Chapter XIX.--Jesus Christ was not a mere man, begotten from Joseph in the ordinary course of nature, but was very God, begotten of the Father most high, and very man, born of the Virgin.
2. For this reason [it is, said], "Who shall declare His generation?" [3669] since "He is a man, and who shall recognise Him?" [3670] But he to whom the Father which is in heaven has revealed Him, [3671] knows Him, so that he understands that He who "was not born either by the will of the flesh, or by the will of man," [3672] is the Son of man, this is Christ, the Son of the living God. For I have shown from the Scriptures, [3673] that no one of the sons of Adam is as to everything, and absolutely, called God, or named Lord. But that He is Himself in His own right, beyond all men who ever lived, God, and Lord, and King Eternal, and the Incarnate Word, proclaimed by all the prophets, the apostles, and by the Spirit Himself, may be seen by all who have attained to even a small portion of the truth. Now, the Scriptures would not have testified these things of Him, if, like others, He had been a mere man.

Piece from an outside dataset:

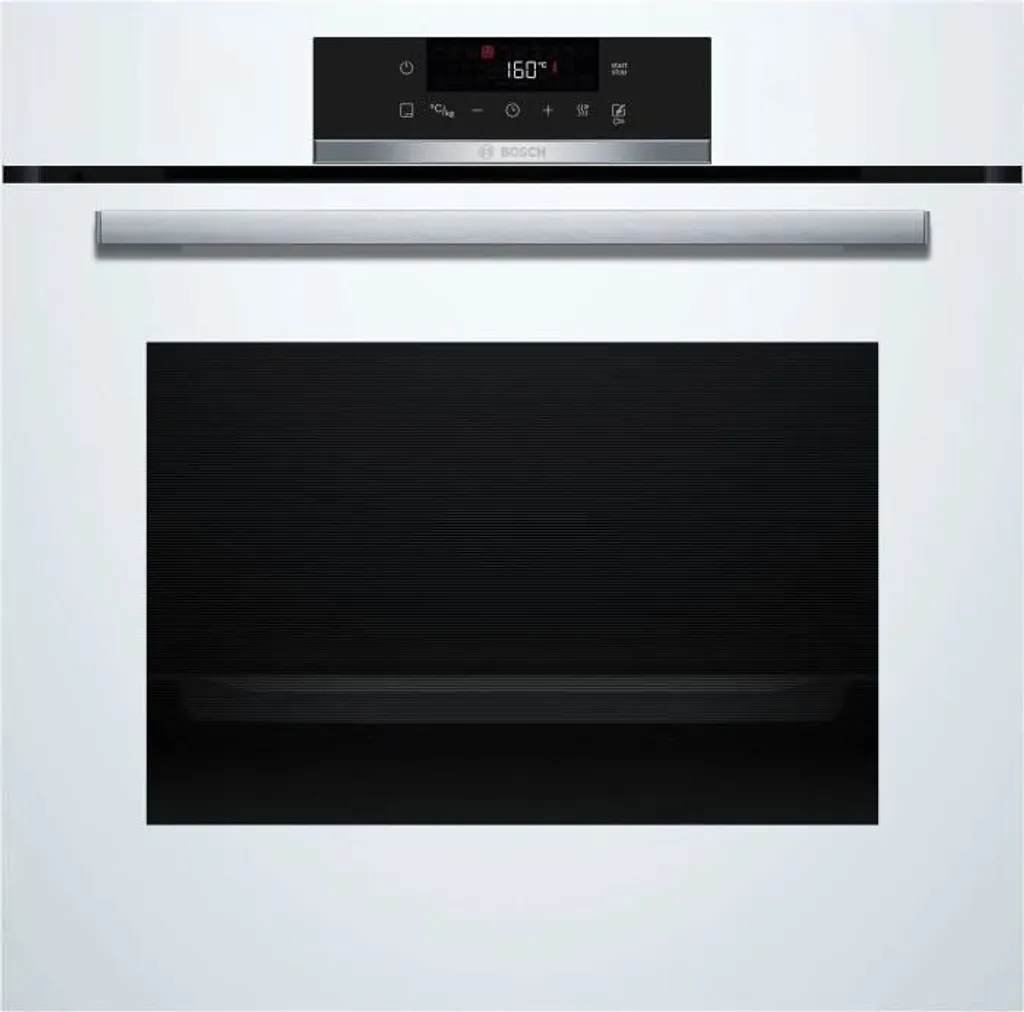 BOSCH SER4 Built-in Pyrolytic Oven - HBA572BW3F - White - 4-Glass Cold Door - 59.4 x 54.8 x 59.5 cm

But that He had, beyond all others, in Himself that pre-eminent birth which is from the Most High Father, and also experienced that pre-eminent generation which is from the Virgin, [3674] the divine Scriptures do in both respects testify of Him: also, that He was a man without comeliness, and liable to suffering; [3675] that He sat upon the foal of an ass; [3676] that He received for drink, vinegar and gall; [3677] that He was despised among the people, and humbled Himself even to death and that He is the holy Lord, the Wonderful, the Counsellor, the Beautiful in appearance, and the Mighty God, [3678] coming on the clouds as the Judge of all men; [3679] -- all these things did the Scriptures prophesy of Him.
3. For as He became man in order to undergo temptation, so also was He the Word that He might be glorified; the Word remaining quiescent, that He might be capable of being tempted, dishonoured, crucified, and of suffering death, but the human nature being swallowed up in it (the divine), when it conquered, and endured [without yielding], and performed acts of kindness, and rose again, and was received up [into heaven]. He therefore, the Son of God, our Lord, being the Word of the Father, and the Son of man, since He had a generation as to His human nature from Mary -- who was descended from mankind, and who was herself a human being -- was made the Son of man. [3680] Wherefore also the Lord Himself gave us a sign, in the depth below, and in the height above, which man did not ask for, because he never expected that a virgin could conceive, or that it was possible that one remaining a virgin could bring forth a son, and that what was thus born should be "God with us," and descend to those things which are of the earth beneath, seeking the sheep which had perished, which was indeed His own peculiar handiwork, and ascend to the height above, offering and commending to His Father that human nature (hominem) which had been found, making in His own person the first-fruits of the resurrection of man; that, as the Head rose from the dead, so also the remaining part of the body -- [namely, the body] of everyman who is found in life -- when the time is fulfilled of that condemnation which existed by reason of disobedience, may arise, blended together and strengthened through means of joints and bands [3681] by the increase of God, each of the members having its own proper and fit position in the body. For there are many mansions in the Father's house, [3682] inasmuch as there are also many members in the body.